The Austrian StPO amendments effective 1 January 2025 introduced revised rules on the seizure and forensic examination of data carriers, new court-authorisation requirements for accessing digital communications, and tighter procedural safeguards that affect both domestic prosecutors and the EPPO. The EPPO publicly flagged concerns that certain provisions constrain its investigative effectiveness in Austria, signalling that companies may face more complex, multi-channel enforcement requests.
Key takeaways for counsel:
Understanding the chronology of Austria’s criminal procedure changes is essential for determining which version of the StPO applies to a given investigation or enforcement action. The table below outlines the critical milestones that in-house teams need to track.
| Date | Legislative / Official Act | Practical Effect for Companies |
|---|---|---|
| June 2024 | EPPO public statement on proposed Austrian StPO amendments | EPPO raised early concerns about the potential impact on its investigative capacity in Austria, early signal for corporate compliance teams to monitor developments. |
| Late 2024 | Austrian Parliament (Nationalrat) passed the StPO amendment bill; published in the Federal Law Gazette (Bundesgesetzblatt) | Final legislative text confirmed, companies should begin gap-analysis of existing SOPs against new seizure and authorisation rules. |
| 1 January 2025 | Major Austrian StPO amendments entered into force (consolidated text available on RIS) | Broader rules on seizure of data carriers and amended court-authorisation requirements now apply to all pending and new investigations, immediate SOP updates required. |
| 23 January 2025 | EPPO public statement on Austrian amendments | EPPO formally flagged constraints on its investigative effectiveness, companies may see increased EPPO coordination requests or parallel proceedings. |
| 22 May 2026 | RIS law-list update / latest consolidated StPO text published by Federal Chancellery | Ensure all statutory citations reference the most current consolidated text when advising or responding to authorities. |
The criminal procedure changes Austria enacted through the StPO amendments address several interconnected areas. While the full consolidated text is available on the RIS legal database, the provisions most relevant to corporate operations fall into five categories.

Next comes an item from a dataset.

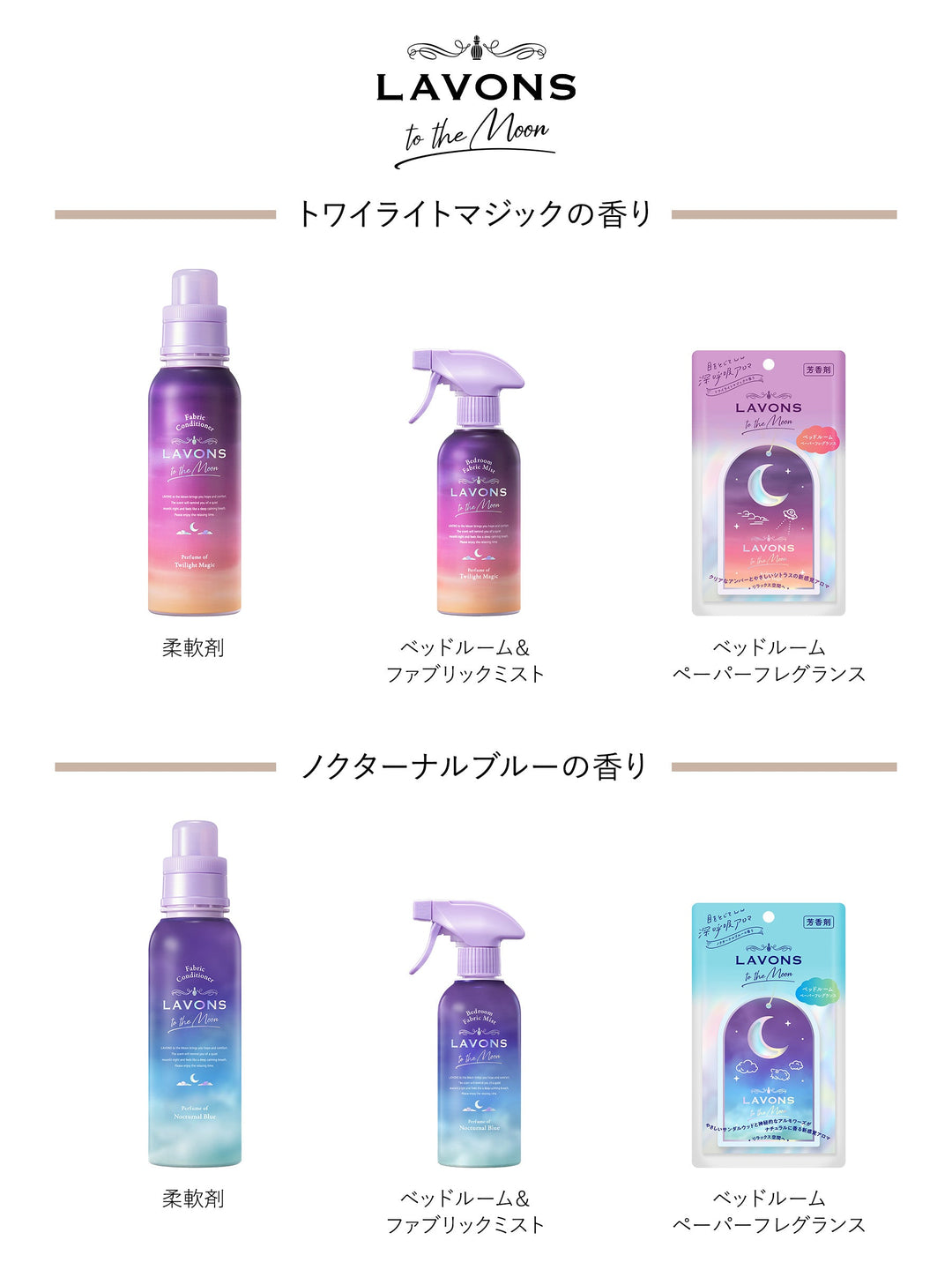 ベッドルーム&ファブリックミスト ノクターナルブルー ラボン to the Moon（トゥザムーン）2倍詰替 600mL - NatureLab  Store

Seizure and examination of data carriers. The amended StPO refines the legal basis for the seizure of electronic devices, including smartphones, laptops, servers and external storage media, and the subsequent forensic examination of their contents. Under the revised framework, the scope of permissible seizure is more precisely defined, and prosecutors must generally obtain judicial authorisation before conducting a forensic examination of seized data carriers. This represents a procedural safeguard that did not exist in the same form under the prior regime.
Court-authorisation thresholds. The amendments introduce or strengthen requirements for court orders in certain investigative steps that previously could be initiated by the prosecution service (Staatsanwaltschaft) alone. Industry observers expect this to slow the pace of some investigations but to provide companies with a clearer procedural basis for challenging overreach.

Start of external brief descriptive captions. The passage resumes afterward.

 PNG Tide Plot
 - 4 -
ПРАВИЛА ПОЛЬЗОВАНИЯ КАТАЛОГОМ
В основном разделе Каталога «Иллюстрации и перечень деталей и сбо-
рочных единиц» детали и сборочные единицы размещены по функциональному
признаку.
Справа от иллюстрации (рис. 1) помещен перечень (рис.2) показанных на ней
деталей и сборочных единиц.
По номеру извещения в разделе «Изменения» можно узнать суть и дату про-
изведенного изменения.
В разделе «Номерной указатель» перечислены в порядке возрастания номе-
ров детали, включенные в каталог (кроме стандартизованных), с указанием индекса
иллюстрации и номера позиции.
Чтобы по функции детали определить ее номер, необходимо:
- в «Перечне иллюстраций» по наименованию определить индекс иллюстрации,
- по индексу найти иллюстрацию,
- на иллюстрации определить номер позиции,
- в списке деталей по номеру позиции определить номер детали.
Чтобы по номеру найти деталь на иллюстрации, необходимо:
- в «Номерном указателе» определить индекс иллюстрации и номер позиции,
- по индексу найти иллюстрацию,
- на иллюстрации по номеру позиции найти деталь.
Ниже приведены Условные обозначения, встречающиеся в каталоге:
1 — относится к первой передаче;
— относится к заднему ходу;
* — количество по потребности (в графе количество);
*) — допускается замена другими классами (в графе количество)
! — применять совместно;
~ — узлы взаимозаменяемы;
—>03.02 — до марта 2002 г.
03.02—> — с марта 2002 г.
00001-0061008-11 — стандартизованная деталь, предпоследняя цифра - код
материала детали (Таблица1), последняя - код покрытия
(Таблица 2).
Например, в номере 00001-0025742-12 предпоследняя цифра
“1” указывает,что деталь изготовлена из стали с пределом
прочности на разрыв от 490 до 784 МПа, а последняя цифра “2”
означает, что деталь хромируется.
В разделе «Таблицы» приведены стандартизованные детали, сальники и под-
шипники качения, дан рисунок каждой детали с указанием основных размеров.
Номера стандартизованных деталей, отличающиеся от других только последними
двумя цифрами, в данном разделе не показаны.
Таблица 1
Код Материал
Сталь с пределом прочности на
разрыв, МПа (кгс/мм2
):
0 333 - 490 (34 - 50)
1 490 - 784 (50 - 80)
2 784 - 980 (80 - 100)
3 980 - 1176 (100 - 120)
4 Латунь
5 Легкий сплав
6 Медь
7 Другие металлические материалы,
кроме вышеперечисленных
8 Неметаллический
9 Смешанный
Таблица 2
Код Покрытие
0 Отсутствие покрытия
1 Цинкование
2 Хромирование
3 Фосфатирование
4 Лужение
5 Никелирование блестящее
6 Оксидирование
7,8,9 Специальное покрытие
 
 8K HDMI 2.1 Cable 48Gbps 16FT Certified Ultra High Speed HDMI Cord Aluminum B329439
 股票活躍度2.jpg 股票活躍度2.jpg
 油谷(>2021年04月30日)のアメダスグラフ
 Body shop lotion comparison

Obligations on intermediaries and service providers. Telecommunications and internet service providers operating in Austria now face adjusted disclosure obligations. The amendments clarify what metadata, content data and subscriber information can be demanded, under which procedural prerequisites, and within what timeframes.

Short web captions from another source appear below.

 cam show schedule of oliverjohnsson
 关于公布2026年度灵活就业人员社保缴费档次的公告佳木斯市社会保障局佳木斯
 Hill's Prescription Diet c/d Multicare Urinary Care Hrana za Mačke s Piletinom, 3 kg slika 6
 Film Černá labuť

Restrictions and safeguards. New provisions reinforce the proportionality principle in digital-evidence seizure. Authorities must demonstrate that the scope of a seizure order is proportionate to the suspected offence and that less intrusive alternatives have been considered. This is significant for companies holding large volumes of data, as it provides a statutory basis for narrowing overly broad requests.
Impact on prosecution powers Austria-wide. While the amendments restrict certain unilateral prosecutorial actions, they also codify and clarify powers in areas that were previously governed by case law or internal directives. The net effect is a more structured, but not necessarily weaker, prosecution framework.
| Area | Before Amendments | After Amendments (from 1 Jan 2025) |
|---|---|---|
| Forensic examination of seized mobile devices | Prosecutorial order often sufficient; judicial oversight varied | Judicial authorisation generally required before forensic examination of data carriers |
| Scope of data-carrier seizure | Broad seizure powers with limited statutory specificity | Seizure scope must be proportionate and specifically justified; narrowing requests is now supported by statute |
| Disclosure obligations for service providers | Framework existed but lacked granular procedural prerequisites | Clarified categories of data (metadata, content, subscriber info) with distinct authorisation thresholds |
| Proportionality safeguards | General constitutional proportionality principle applied | Explicit statutory proportionality requirement for digital-evidence measures; less-intrusive alternatives must be considered |
The EPPO has supranational competence to investigate and prosecute offences affecting the financial interests of the European Union, including fraud, corruption and money laundering involving EU funds. Austria is a participating Member State, meaning the EPPO can conduct investigations on Austrian territory using Austrian procedural law as the default framework.
The StPO amendments have direct implications for EPPO Austria operations. Because EPPO investigations in Austria must comply with the amended StPO, the new court-authorisation requirements and proportionality safeguards apply equally to EPPO-led proceedings. The EPPO has publicly stated, in press releases dated June 2024 and January 2025, that it considers certain amended provisions to impose constraints on its investigative effectiveness in Austria. The likely practical effect will be that EPPO investigations may require more judicial approvals and face additional procedural steps before digital evidence can be examined.
The EPPO’s public position creates a dual dynamic for companies. On one hand, the amended StPO provides additional procedural safeguards that companies can invoke when EPPO investigators seek access to data or premises. On the other hand, early indications suggest the EPPO may respond by issuing requests through multiple channels, combining its own investigation measures with coordination requests via Eurojust or bilateral mutual-assistance channels, to ensure that evidentiary needs are met despite the tighter Austrian framework.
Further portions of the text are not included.